Then came the email: Experiences of a Harvard researcher in Trump’s America
Will Mair, a Harvard University professor who studies ageing, was preparing to lead a panel discussion one afternoon last May when he picked up his phone to review the questions he planned to ask.
Peering at the screen, he saw a flurry of text messages, and then an email bearing staggering news: “You are receiving this email because one (or more) of your projects have been terminated per notice from the federal funding agency.” Weeks earlier, Harvard had refused to comply with the Trump administration’s demands for sweeping changes. Now the White House had retaliated, cutting off billions of dollars in research grants and contracts.
Why do Harvard researchers need federal funding? Couldn’t their work be paid for by private donors, and by corporations that could benefit from their findings? It was true that sometimes products emerged from decades of biomedical research and made billions of dollars. Weight loss drugs like Ozempic and Wegovy were recent examples. But the path to such discoveries was long, Mair explained to the audience, requiring years of costly, unplanned detours.
“No for-profit company could possibly withstand all the false leads required by that process,” he recalled telling them, “all the weird, random science that never panned out”.

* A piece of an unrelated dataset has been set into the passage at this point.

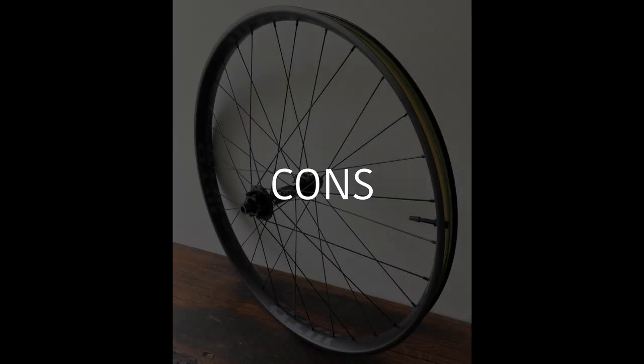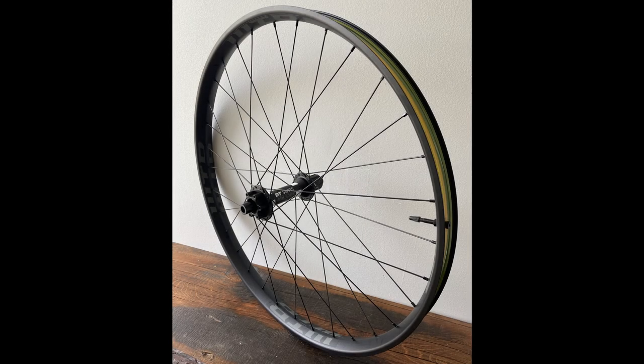Now on to the cons. Although 29 Plus wheelsets and tires usually weigh less than a fat setup, they're still heavier than a standard 29er setup. Wider rims and wider tires require more materials, so they're going to weigh more.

For Mair, 47, a native of Britain and a professor of molecular metabolism at the T.H. Chan School of Public Health, chasing breakthroughs felt critical and urgent. A century of scientific progress had added decades to average life spans, yet human bodies were still ravaged by time. To keep his lab afloat, at a cost of $1,000 to $2,000 (about ₹1-2 lakh) per day, Mair would have to find new ways to pay for it.
Mair had been granted tenure in 2024, making his job secure no matter what happened. His employees were much more vulnerable. A day or two after they lost their funding, Mair stepped into his lab and asked the staff to gather in a nearby break room.

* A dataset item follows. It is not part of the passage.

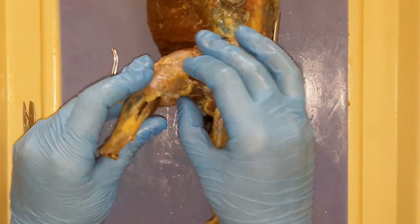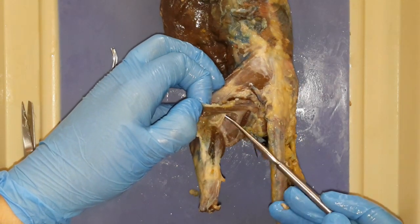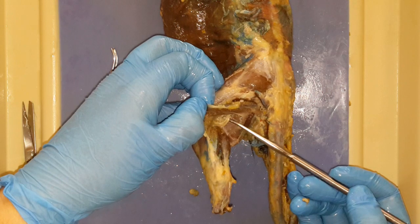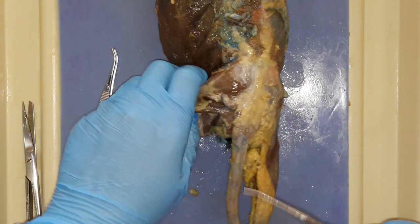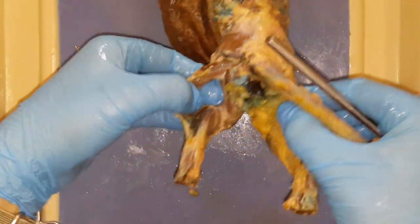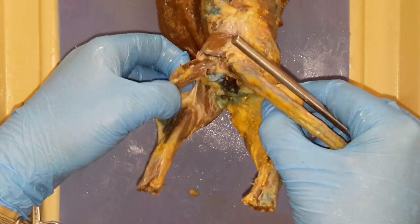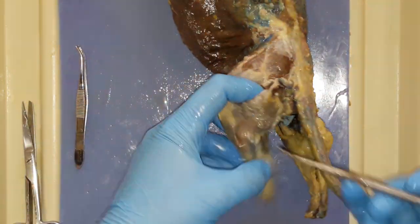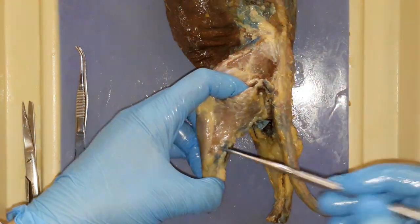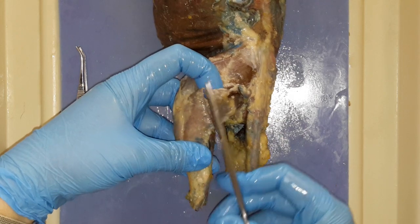Before we do a bisection, we want to check and look for the sciatic nerve. Underneath the bicep femoris is your sciatic nerve. I told you before that it's a bundle of two nerves, so you can see it's already split right there — you can see the two nerves. The sciatic nerve is actually a bundle of the common peroneal or fibular nerve and the tibial nerve. Once you see that it is safe and you're not going to bisect it, use a probe or your finger, make sure it's holding it down — see, it's under my finger — then we're going to bisect it right through the middle. Note that this bicep femoris does attach along the lower limb. We're going to bisect it right in the middle, preserving our sciatic nerve.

Mair had been advised to lay off employees. Instead, he told them, he would use the money he had negotiated as part of his tenure agreement to keep their team together for as long as he could.
In early September, a court ruled that the Trump administration had broken the law in freezing Harvard’s research funding. It felt like a victory, and afterward, some faculty members’ grants were restored. But Mair’s money was caught in a complicated tangle.

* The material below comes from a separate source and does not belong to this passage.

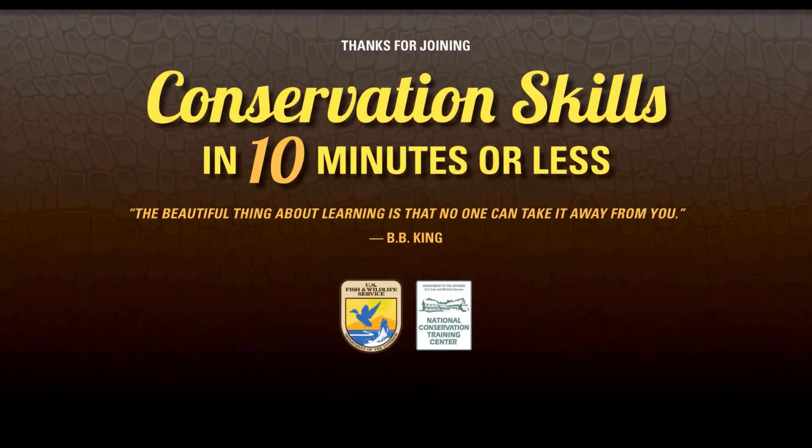Thanks again for joining us for Conservation Skills in 10 Minutes or Less. If you enjoyed this video, please give us a like or hit the subscribe button, share this video with a friend, or check out one of the many other skill-based videos in this series. Have a great day, and always remember: the beautiful thing about learning is that no one can take it away from you.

The funding freeze had caught him at the end of his five-year funding cycle. His previous five-year grant was almost gone, and was now terminated. He had applied for another round of government support, but the new money was still pending. So when Harvard stepped up and covered portions of some active grants to help keep research going, Mair was passed over.
Yet no one knew if or when new grants would be processed, within a funding system stricken by layoffs, restructuring and a six-week government shutdown. With his lab mired in uncertainty, he decided to take on a new role as a part-time consultant to a for-profit company. The venture, co-founded by Hollywood mogul Jeffrey Katzenberg, planned to expand its investments in ageing research, and Mair would help decide where the money went. The company would not help fund his lab. But it would give him new connections, in a realm where potential donors might one day be found.
Mair had made another decision in the midst of the disruption — to become an American citizen. In his two decades in the country, it had never seemed necessary. But now the Trump administration was going after international students and researchers. The self-assurance he had once felt passing through airports, crossing borders, as a Harvard professor with a green card, was gone.
As the year ended, negotiations between Harvard and the White House entered an eighth month. The Trump administration announced in December that it would appeal the court ruling that had blocked its freeze on Harvard’s research funding. Most of the funds the government had withheld had been restored. But Mair still had no idea if or when his grant might come.
To extend his pledge to cover salaries for his staff, he had enacted deeper cuts, slashing his lab’s budget for experiments by 80 per cent. Some employees had left. The lab felt like a ghost town.
In mid-January, Mair received a text from his grants manager. “NIH says we’ll have an NOA on Friday!” it said. The NOA, or notice of award, would mean that his top-ranked research proposal would finally be funded. He should have felt elated. Instead, he felt uneasy. “I’ll believe it when I see it,” said Mair.